Many of the strategies residents endorse—relocating households, purchasing coastal land, reinforcing infrastructure, redesigning drainage systems, and maintaining protective ecosystems—require large and sustained public investment. While the survey did not test support for specific financing options, it does suggest limited public willingness to accept higher taxes or fees. Without credible, durable funding mechanisms, adaptation risks becoming a cycle of planning exercises and short-term projects rather than a coordinated long-term strategy.

Implications for policymakers

The survey results place Hawaiʻi in a distinctive position.

Unlike many states, policymakers do not face widespread skepticism or ideological resistance to acknowledging sea level rise.
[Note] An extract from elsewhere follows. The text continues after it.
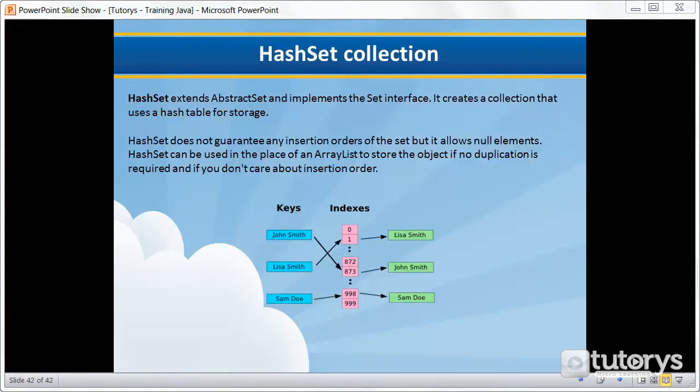HashSet extends AbstractSet and implements the Set interface. It creates a collection that uses a hash table for storage. A HashSet does not guarantee any insertion orders of the set, but it allows null elements. HashSet can be used in the place of an ArrayList to store the object if no duplication is required and if you don't care about insertion order.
Public agreement on the reality and seriousness of the threat is broad, stable, and cross-partisan. Residents also support many of the most powerful policy tools available, including restrictions on coastal development and public assistance for relocation.

This creates a valuable window of opportunity.

At the same time, the financing problem looms large. Public reluctance to accept higher taxes or fees means that the hardest political work lies not in persuasion, but in designing cost-sharing arrangements that are seen as fair, credible, and effective.

That may require targeted state funding mechanisms, greater reliance on federal infrastructure and disaster-mitigation programs, clear prioritization of which areas can realistically be protected long term, and transparent communication about tradeoffs, limits, and timelines.

Sea level rise is a structural challenge, not a temporary shock, and it demands institutions and funding streams that reflect that reality.

Hawaiʻi does not lack public awareness or concern. What remains unresolved is how the costs of adaptation will be shared across communities, taxpayers, property owners, and future generations. How that question is answered will likely determine whether today’s strong public consensus translates into sustained, effective action—or remains a shared recognition of risk without the tools and funding needed to meet it.